Simulating Composite Fermion Excitons by Density Functional Theory and Monte Carlo on a Disk

TL;DR

This paper uses density functional theory and Monte Carlo simulations to study composite fermion excitons in fractional quantum Hall systems, revealing dispersion relations and chiral graviton excitations in disk geometry.

Contribution

It introduces a method combining DFT and Monte Carlo to analyze bulk excitations of composite fermions in FQH systems, including chiral graviton modes.

Findings

Comparison of magnetoroton dispersion with other numerical methods.

Identification of chiral graviton excitations in the spectral function.

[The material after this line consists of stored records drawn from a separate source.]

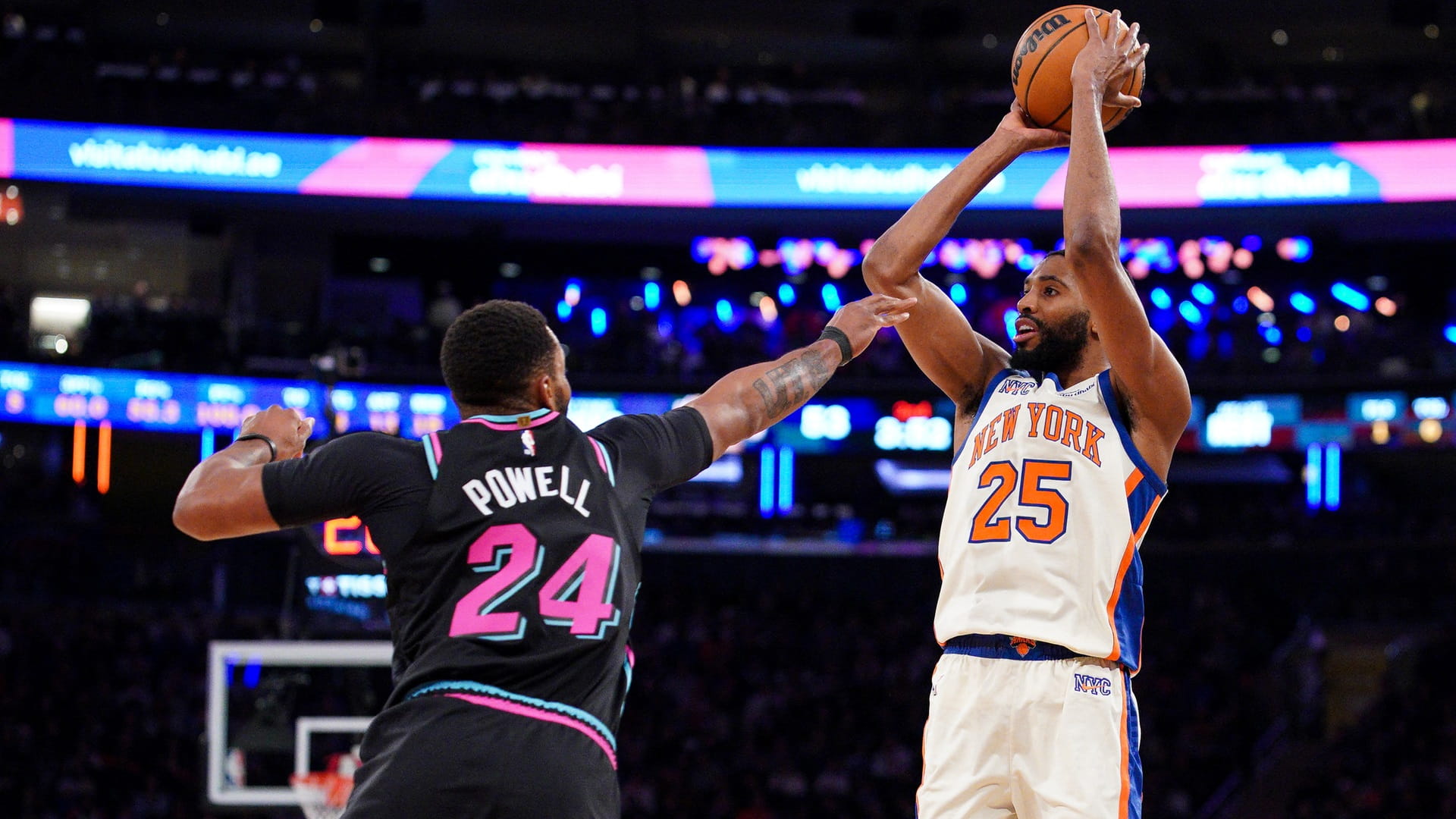 نيويورك نيكس يتخطى ميامي هيت في #دوري_السلة_الأميركي 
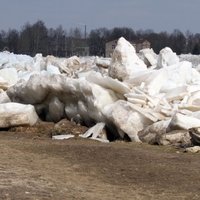 Daugavā pie Daugavpils ledus masa sākusi ceļu lejup pa upi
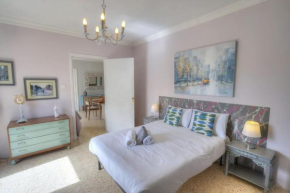 2 bedroom flat near seafront & Valletta ferry RSEG1-1
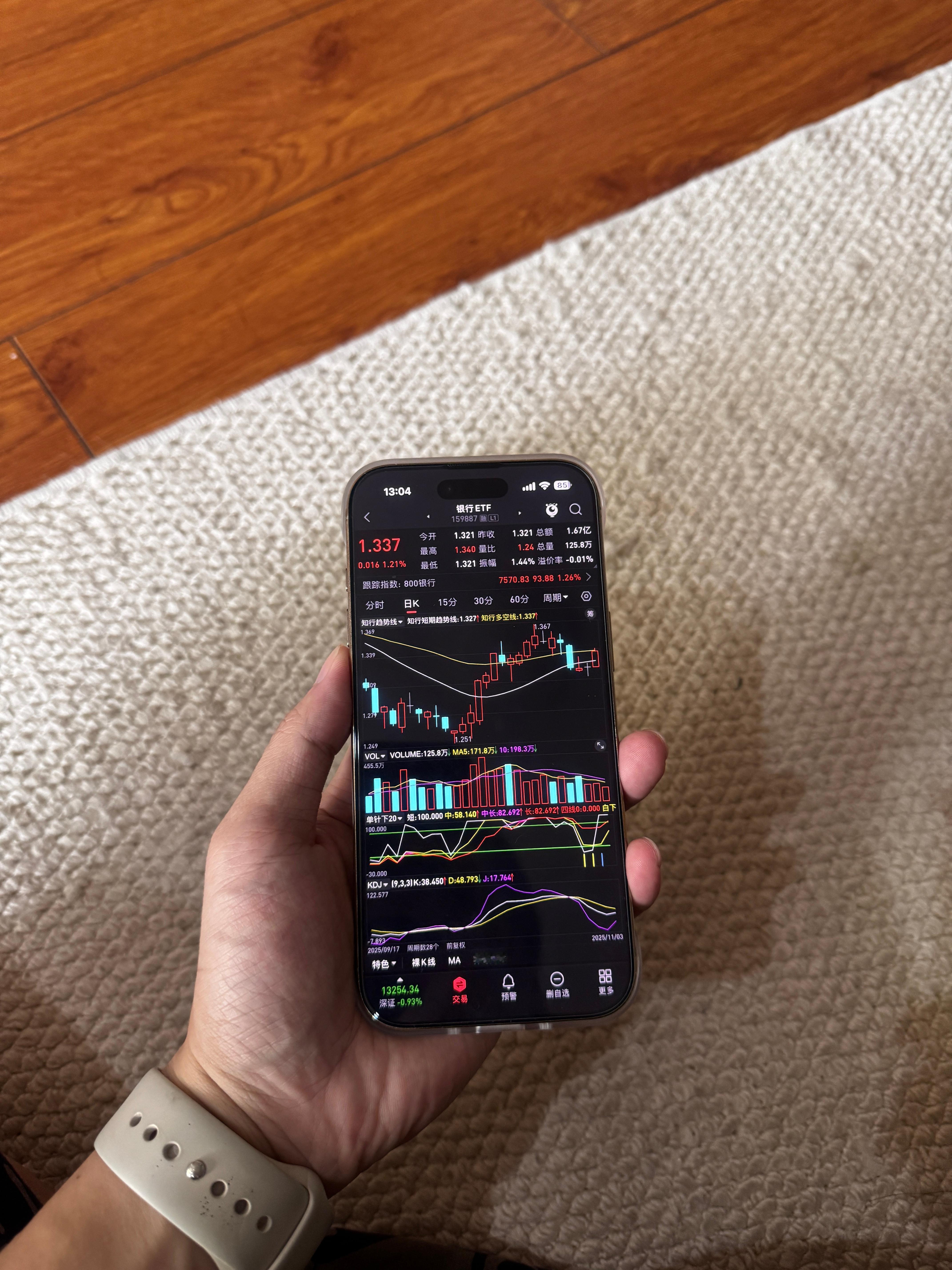 屏幕大，玩大富翁就是爽啊十月是辛苦一个月最后两天给我拍下去亏了求求十一月对我好点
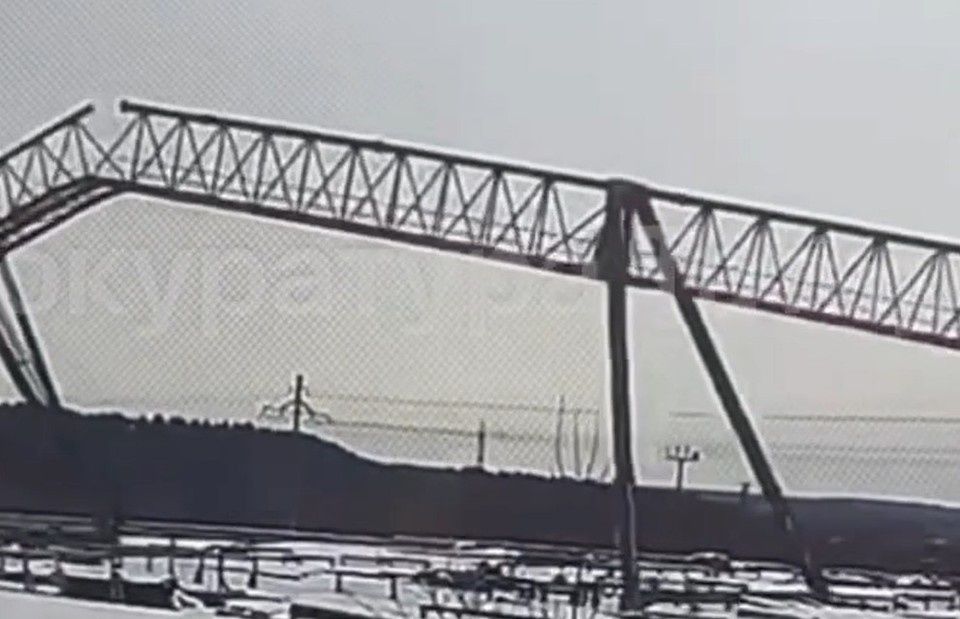 В Бугульме произошла авария с краном, в результате которой пострадала сотрудница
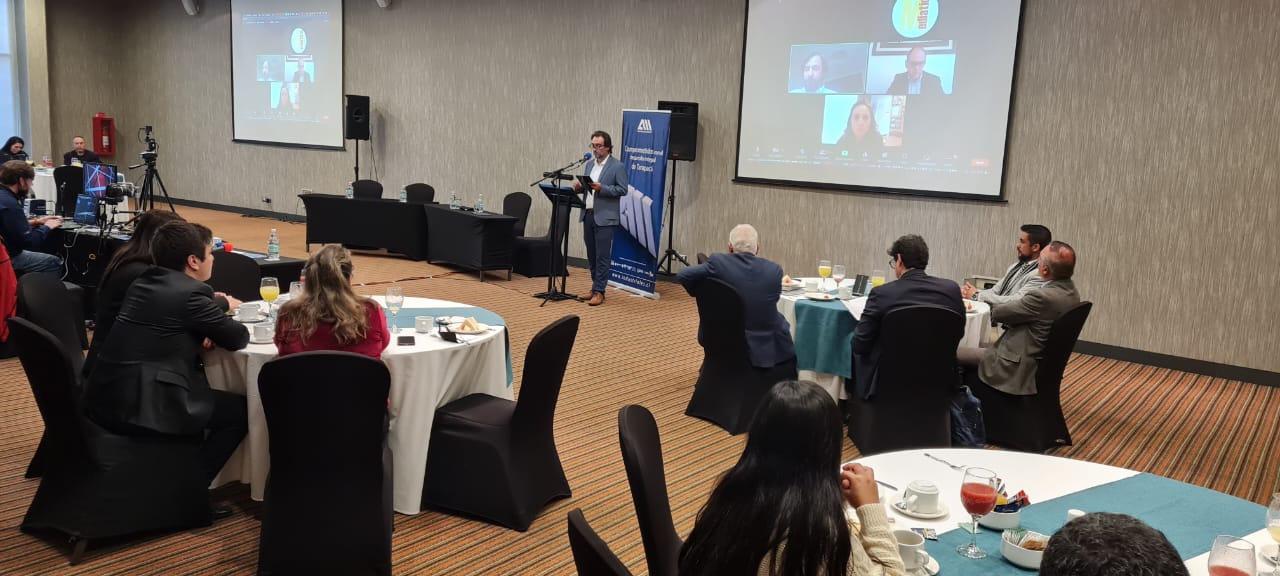 Expertos y líderes gremiales llaman a cuidar el Ecosistema Minero en Tarapacá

Extension of the method to other FQH states.

Abstract

The Kohn-Sham density functional method for the fractional quantum Hall (FQH) effect has recently been developed by mapping the strongly interacting electrons into an auxiliary system of weakly interacting composite fermions (CFs) that experience a density-dependent effective magnetic field. This approach has been successfully applied to explore the edge rescontruction, fractional charge and fractional braiding statistics of quasiparticle excitations. In this work, we investigate composite fermion excitons in the bulk of the disk geometry. By varying the separation of the quasiparticle-quasihole pairs and calculating their energy, we compare the dispersion of the magnetoroton mode with results from other numerical methods, such as exact diagonalization (ED) and Monte Carlo (MC) simulation. Furthermore, through an evaluation of the spectral function, we identify chiral ``graviton'' excitations: a spin $-2$ mode for the particle-like Laughlin state and a spin $2$ mode for the hole-like Laughlin state. This method can be extended to construct neutral collective excitations for other fractional quantum Hall states in disk geometry.